-- Entries supplied follows --
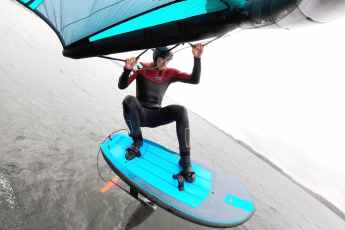 Jumping while wingsurfing - tips in the video tutorial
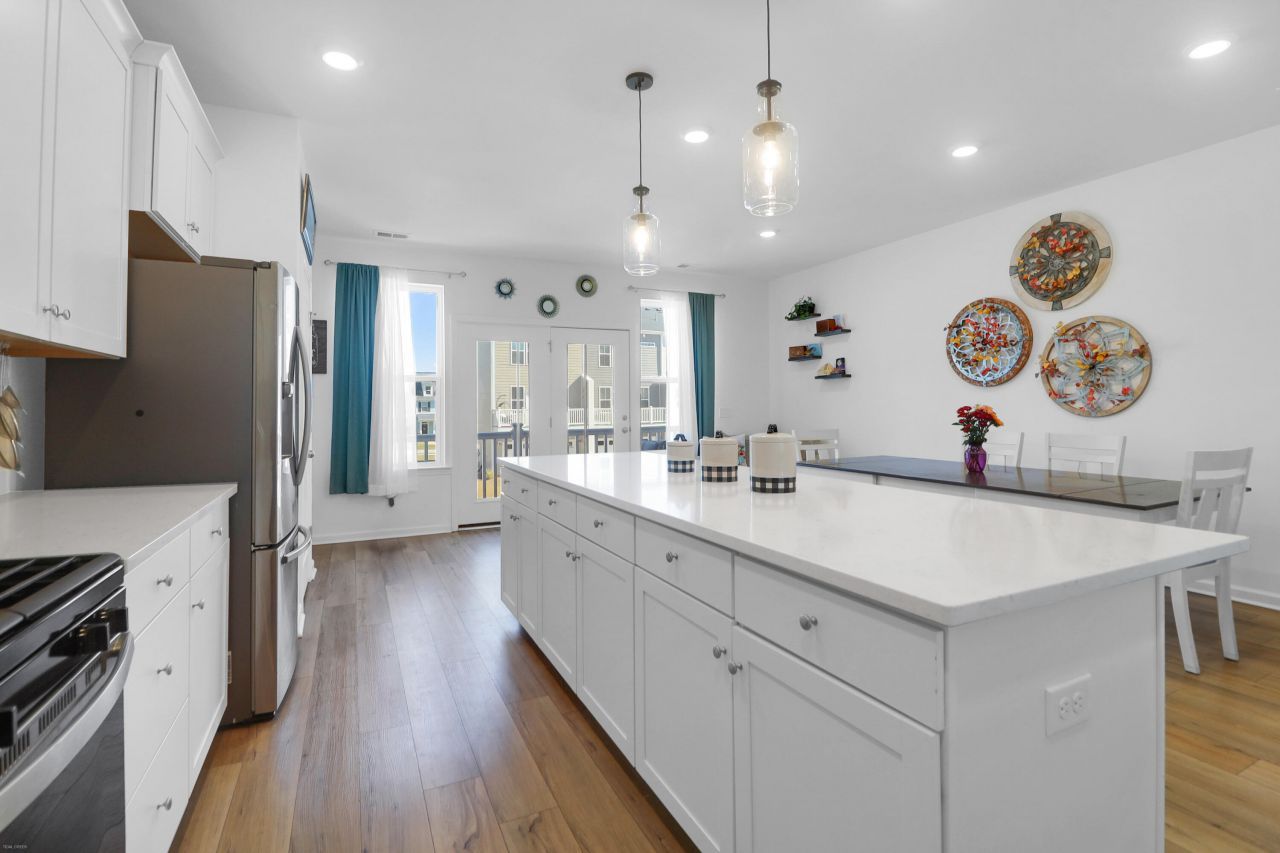 865 Recess Point Dr 25 Drive Photo 8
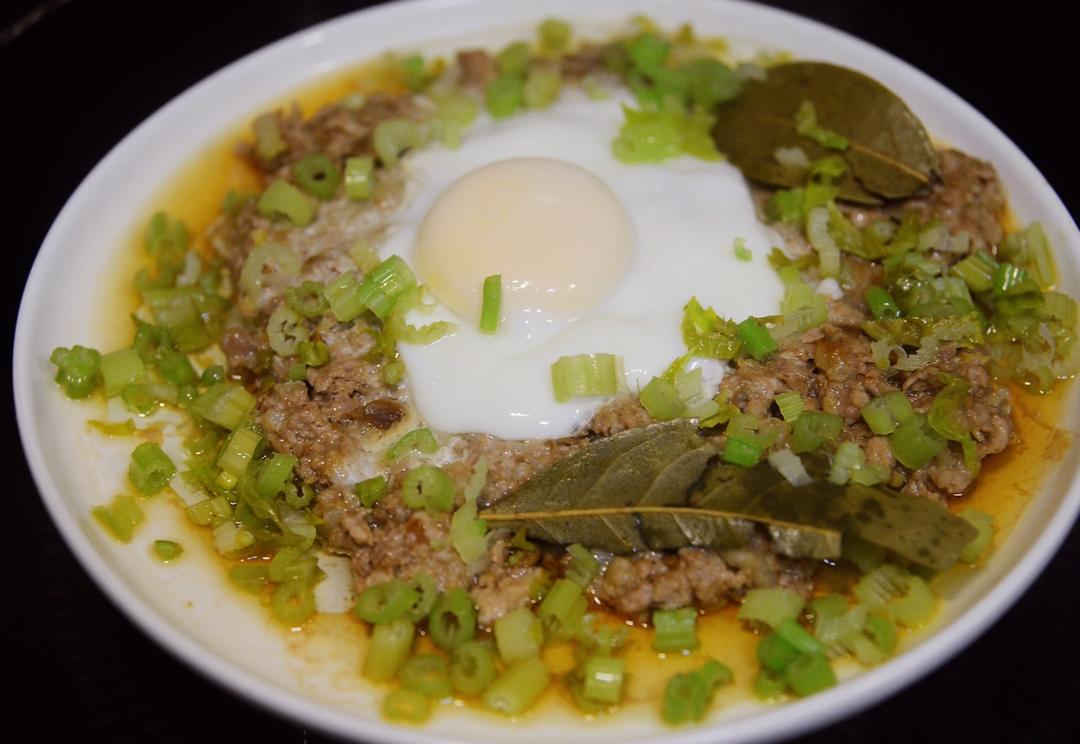 豆瓣酱双黄炖肉饼
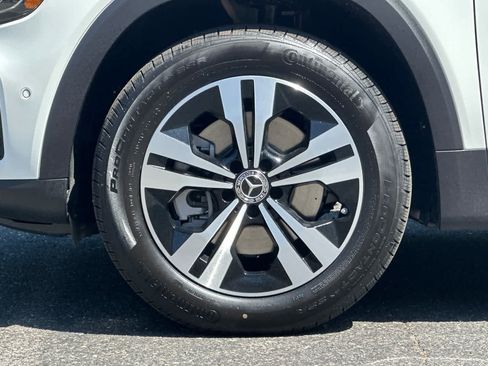 New 2026 Mercedes-Benz GLB 250 image 24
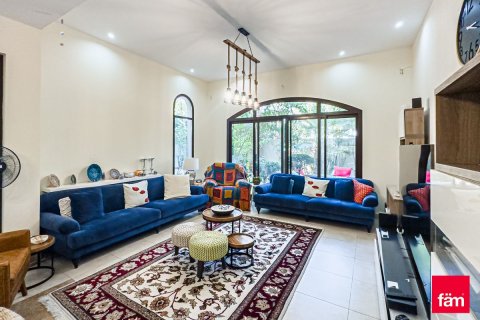 Villetta a schiera in affitto a Dubai, EAU 4 camere da letto, 351.7 mq. № 629497 - foto 1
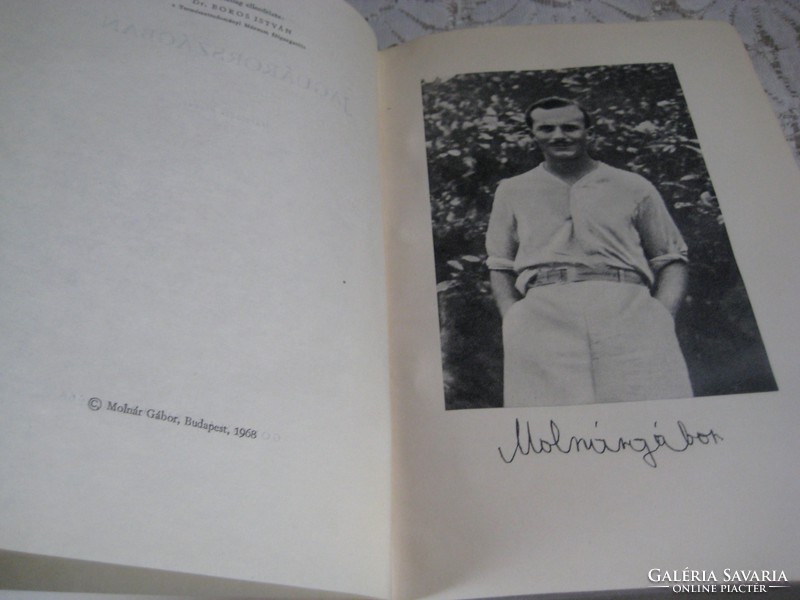 Molnár Gábor  : Jaguárországban    Gondolat  kiadó  1968
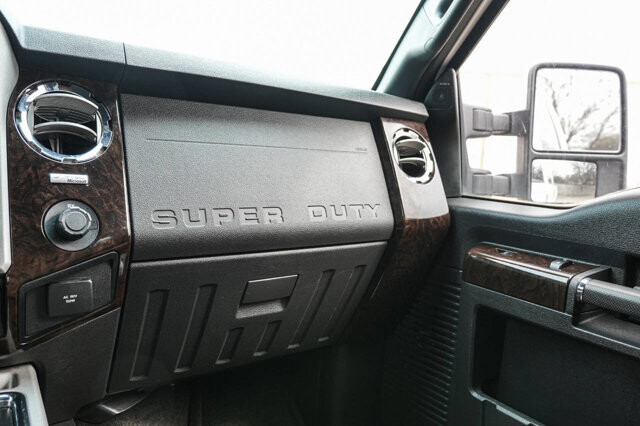 2013 Ford F350 in San Antonio, TX 78228 - 2439112 17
-- Entries supplied concluded --
Any pictures above are to be left out. Retype the rest of the records exactly.

 Jumping while wingsurfing - tips in the video tutorial
 865 Recess Point Dr 25 Drive Photo 8
 豆瓣酱双黄炖肉饼
 New 2026 Mercedes-Benz GLB 250 image 24
 Villetta a schiera in affitto a Dubai, EAU 4 camere da letto, 351.7 mq. № 629497 - foto 1
 Molnár Gábor  : Jaguárországban    Gondolat  kiadó  1968
 2013 Ford F350 in San Antonio, TX 78228 - 2439112 17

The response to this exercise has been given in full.